**PROBLEM REQUIREMENTS:**
Could you transcribe exactly the lines below, from the line with "After the input" through the line with "Again, it's another", and nothing else, leaving out the pictures?
+++
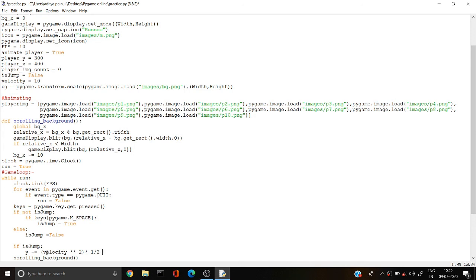How can I get the player to move downwards? For this I'm going to use a gravity variable, and then apply it again.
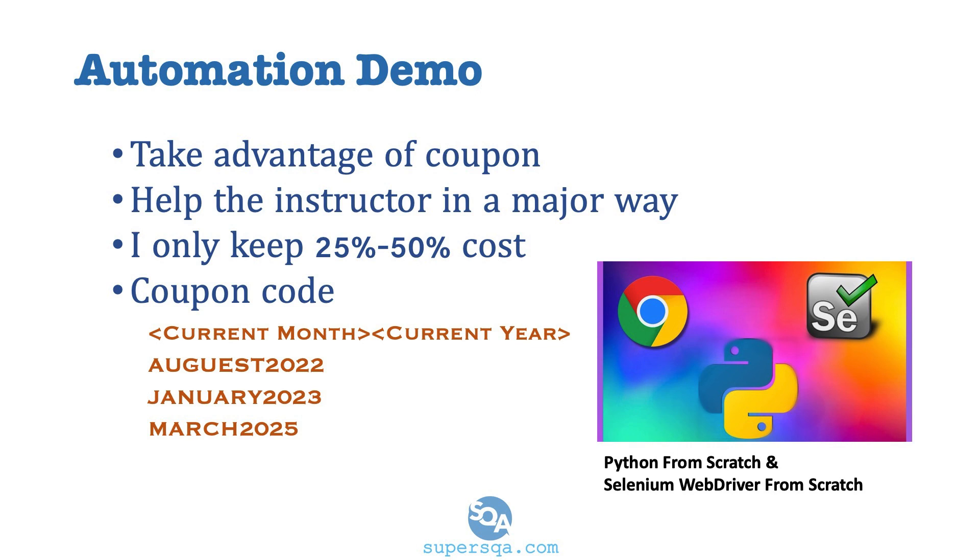Make sure you apply one of those coupons, whatever month you're watching this and the year, the full year, and you'll get a great discount on the course and you help me out big time.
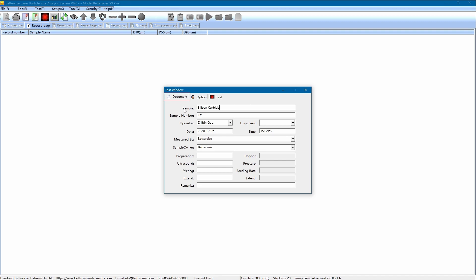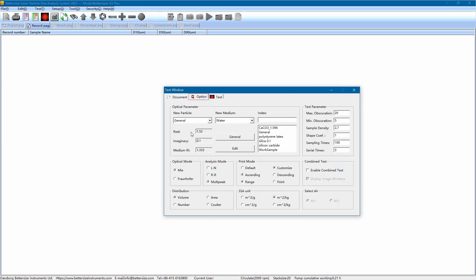After the input is completed, click on the option tab. There are many parameters to be entered, and note these parameters must be set correctly, because they directly affect the accuracy of the results.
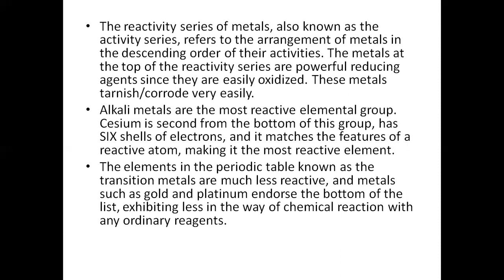Caesium is the most reactive among alkali metals. The elements in the periodic table known as transition metals are much less reactive. Metals like Gold and Platinum are at the bottom of the reactivity list, exhibiting very little chemical reaction with any ordinary reagents — इनकी chemical reaction ordinary reagents के साथ बहुत कम होता है, इसलिए इनमें जंग नहीं लगता।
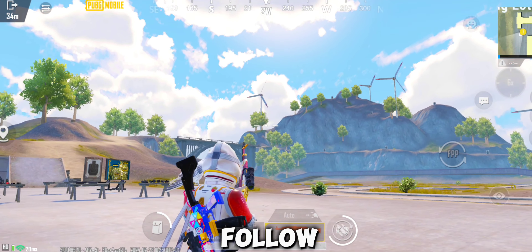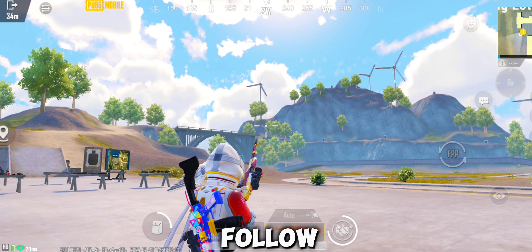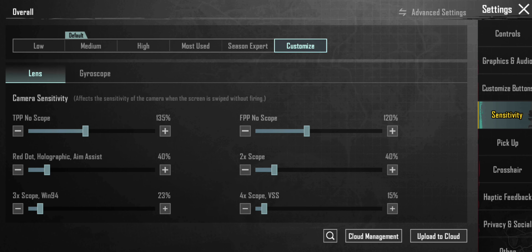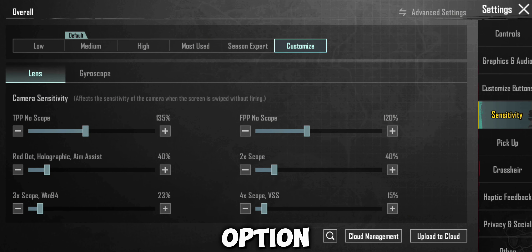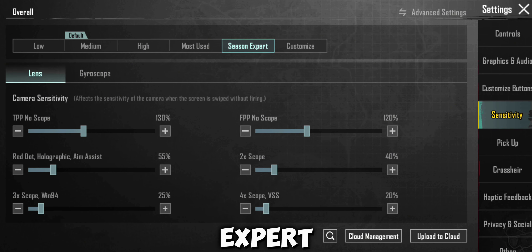Now carefully follow me and create the sensitivity. Select the lens option using Season Expert, go to the gyro section, and follow me.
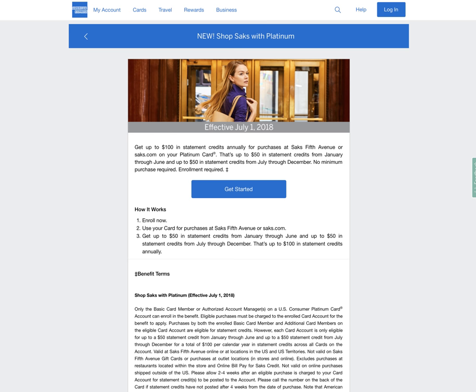Again, it's another added benefit. The American Express platinum card, the consumer and the business corporate card have an annual fee, I believe of $450.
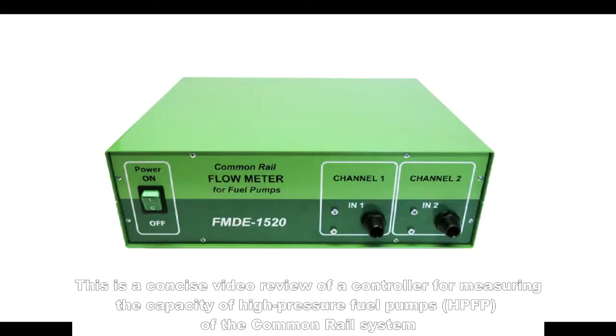This is a concise video review of a controller for measuring the capacity of high-pressure fuel pumps of the common rail system.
+++
**SOLUTION BELOW:**
After the input is completed, click on the option tab. There are many parameters to be entered, and note these parameters must be set correctly, because they directly affect the accuracy of the results.
Caesium is the most reactive among alkali metals. The elements in the periodic table known as transition metals are much less reactive. Metals like Gold and Platinum are at the bottom of the reactivity list, exhibiting very little chemical reaction with any ordinary reagents — इनकी chemical reaction ordinary reagents के साथ बहुत कम होता है, इसलिए इनमें जंग नहीं लगता।
Now carefully follow me and create the sensitivity. Select the lens option using Season Expert, go to the gyro section, and follow me.
Again, it's another added benefit. The American Express platinum card, the consumer and the business corporate card have an annual fee, I believe of $450.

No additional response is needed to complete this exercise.